1991年2月には旧鉄労派が大多数を占める西労組(西日本旅客鉄道労働組合)にて大松益生執行委員長がJR総連との断絶を表明。
すると東海労組からも旧動労派の脱退が相次ぎ、四国労組・九州労組もJR総連から脱退しました。
そしてこれら組合が鉄産総連と手を組み、組織統合をしてJR連合が誕生した訳です。
2018年現在、JR総連はJR北海道、JR東日本、JR貨物の3社、JR連合はJR東海、JR西日本、JR九州の3社において最大勢力となっており、JR四国に至ってはJR連合への統一が実現しています。
さて、JR東日本の労組は残り7つ。
JR連合系のJREユニオン(ジェイアール・イーストユニオン)のほか、東日本ユニオン(JR東日本労働組合)、国労東日本(国鉄労働組合東日本本部)、建交労鉄道東日本本部(全日本建設交運一般労働組合全国鉄道東日本本部)、鉄産労(鉄道産業労働組合/※鉄産総連とは無関係)、動労総連合(国鉄動力車労働組合総連合)、動労(動力車労働組合/※国鉄時代の動労との関連性は不明)が挙げられます。
このうち動労総連合(組合員数:175名)は動労千葉を核として動労水戸、動労連帯高崎の3労組によって構成されており、無茶苦茶な要求を掲げ度々ストライキを起こしているのは周知の事実。
特に動労千葉の活動拠点であるJR東日本千葉支社管内では、ストライキによる間引き運転や運休が毎年発生した事もあり、地元住民からは「花見スト」と揶揄されています。
「安全運転闘争」と称して不要な徐行運転を行い、回復運転を一切しない作戦も展開。
それでも弱小組合である事に変わりなく、ここ数年は会社側が代務の運転士を手配するなど対策を取るため、花見ストが失敗に終わるようになってきました。
仙台に拠点を置く鉄産労(繰り返しますが鉄産総連とは無関係)も攻撃的な労組として知られたそうですが、2017年3月時点の組合員数は僅か15名で音沙汰もありません。

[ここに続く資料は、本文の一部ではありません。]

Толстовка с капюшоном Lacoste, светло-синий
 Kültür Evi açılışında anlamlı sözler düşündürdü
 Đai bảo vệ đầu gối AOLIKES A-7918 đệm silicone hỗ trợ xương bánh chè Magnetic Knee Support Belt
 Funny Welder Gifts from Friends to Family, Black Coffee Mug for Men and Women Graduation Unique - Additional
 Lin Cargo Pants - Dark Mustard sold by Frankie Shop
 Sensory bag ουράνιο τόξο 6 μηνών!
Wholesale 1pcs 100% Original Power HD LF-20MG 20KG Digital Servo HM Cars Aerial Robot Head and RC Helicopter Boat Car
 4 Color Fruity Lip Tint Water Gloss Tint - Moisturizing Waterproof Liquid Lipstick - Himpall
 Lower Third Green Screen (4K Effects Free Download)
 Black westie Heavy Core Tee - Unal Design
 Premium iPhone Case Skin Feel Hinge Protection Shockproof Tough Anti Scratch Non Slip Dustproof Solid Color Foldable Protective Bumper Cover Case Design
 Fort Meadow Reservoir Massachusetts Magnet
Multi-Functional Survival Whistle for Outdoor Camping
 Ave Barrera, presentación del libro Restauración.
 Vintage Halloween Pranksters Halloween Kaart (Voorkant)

しかし、最大労組の東労組がストライキに踏み切るとなれば、動労千葉とは比べ物にならない多大な影響が出る事は必至。
此度の春闘で東労組が会社側に要求するのは下記2点で、交渉が決裂した暁にはスト権を行使する姿勢を見せています。
《2018年春闘での要求内容》
■ベア要求 全組合員一律6,000円(定期昇給を含まない)
■グリーンスタッフ組合員、エルダー組合員の基本賃金の4,000円引き上げ
ストライキを決行するに当たり、東労組は職場や組合員を限定する「指名スト」を採る予定としています。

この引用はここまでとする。